C. Individual Rights of Action
47

Finally, appellants argue that the provisions allowing individual plaintiffs to


bring actions for damages or injunctive relief are inadequate because they lack
the resources to retain counsel and prosecute complex actions. We do not accept
the objectors' assertion that they cannot achieve the relief they seek by bringing
individual actions where necessary, and by waiting to benefit from systemic
reform. These provisions afford an individual recourse to the courts if his or her
circumstances demand it, and apply equally to all foster children. Appellants
have put forth no reason why this bargained-for exchange was any less
adequate for Joel A. class members than for any other foster children.

CONCLUSION
48

The City Settlement Agreement and State Settlement Agreement were


negotiated by experienced public interest counsel and are the product of several
years of discovery and months of negotiation.
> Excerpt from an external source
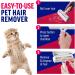 Pet Hair Remover | Effortless Fur Removal for Furniture Cars & Bedding | Reusable Lint Roller for Cat & Dog Owners - Buy Online on GoSupps.com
Together, they attempt to find the
beginnings of a solution to the persistent inadequacies of New York City's
foster care system alleged in plaintiffs' complaint. The City and State
defendants recognize that reforms are necessary, and have exhibited a
willingness to achieve them. It is possible that they may fall somewhat short of
their stated goals of transparency and cooperation; however, a settlement
agreement achieved through good-faith, non-collusive negotiation does not
have to be perfect, just reasonable, adequate and fair. The Agreements were
reviewed in detail by a district judge steeped in child welfare litigation and
possessed of great experience in such matters. He found that the covenants and
releases, which effectively create a moratorium on class action equitable suits
for two years while the parties attempt to reform the child welfare system, are
not oppressive, and represent a fair compromise when balanced against the
gains to the class members from systemic reform facilitated by the Agreements.
We agree.

49

The district court acted within its discretion when it approved the City and
State Settlement Agreements. The decision of the district court is affirmed.